**WORK INSTRUCTIONS:** Lines from the one holding "Tacos de tilapia" through the end of the entries, inclusive, form the whole output; reproduce them exactly and omit pictures.

DATA EXTRACTS section start

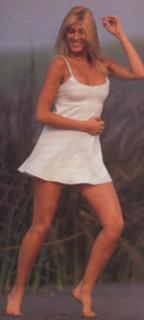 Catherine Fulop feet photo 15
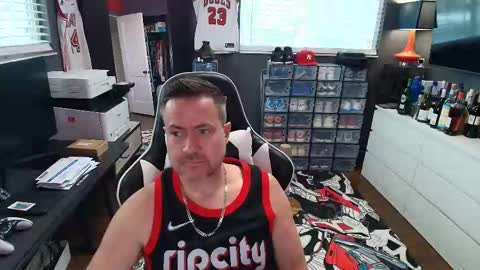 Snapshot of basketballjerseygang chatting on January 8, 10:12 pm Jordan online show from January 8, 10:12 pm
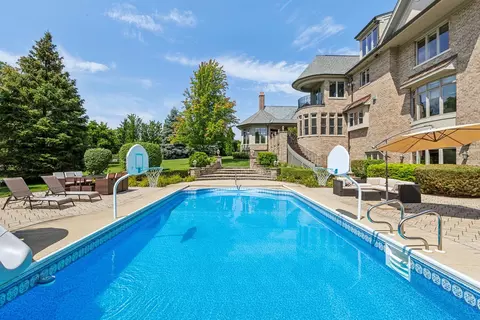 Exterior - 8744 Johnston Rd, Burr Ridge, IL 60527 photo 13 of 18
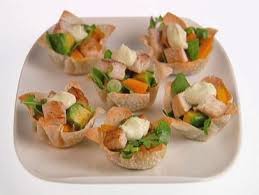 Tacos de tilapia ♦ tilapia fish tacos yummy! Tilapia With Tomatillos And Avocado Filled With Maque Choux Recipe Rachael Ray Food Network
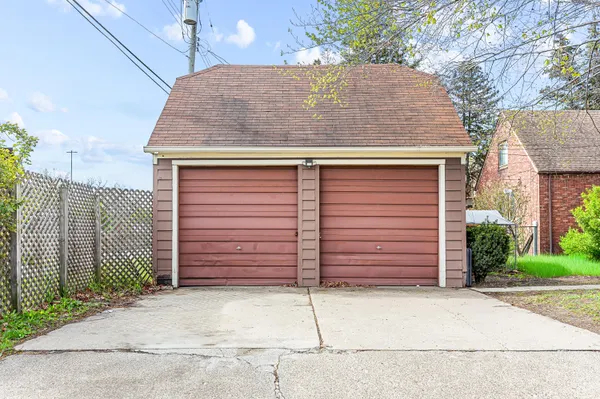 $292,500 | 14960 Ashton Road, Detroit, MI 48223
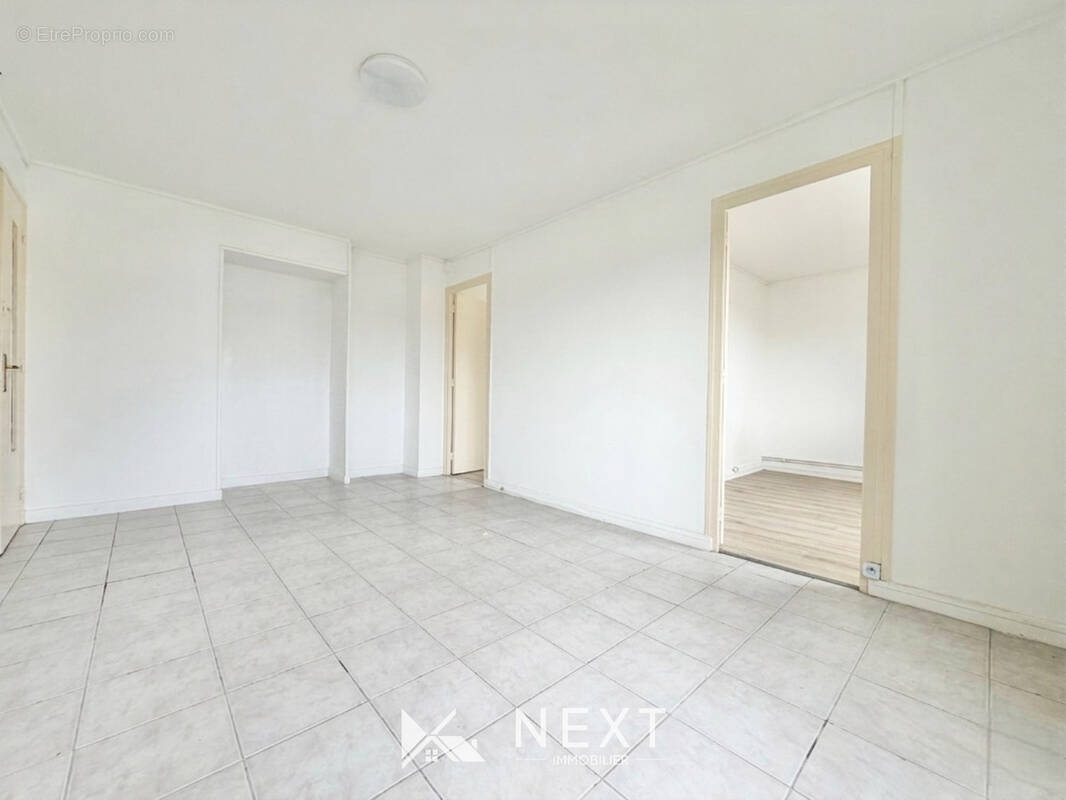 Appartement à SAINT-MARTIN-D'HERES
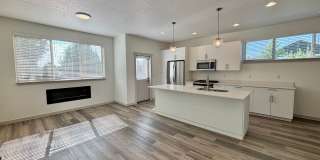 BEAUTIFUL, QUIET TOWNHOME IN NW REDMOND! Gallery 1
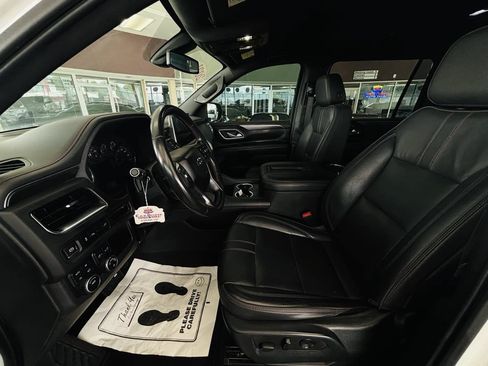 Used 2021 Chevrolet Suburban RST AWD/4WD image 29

DATA EXTRACTS section end

**WRITTEN ANSWER:**
 Tacos de tilapia ♦ tilapia fish tacos yummy! Tilapia With Tomatillos And Avocado Filled With Maque Choux Recipe Rachael Ray Food Network
 $292,500 | 14960 Ashton Road, Detroit, MI 48223
 Appartement à SAINT-MARTIN-D'HERES
 BEAUTIFUL, QUIET TOWNHOME IN NW REDMOND! Gallery 1
 Used 2021 Chevrolet Suburban RST AWD/4WD image 29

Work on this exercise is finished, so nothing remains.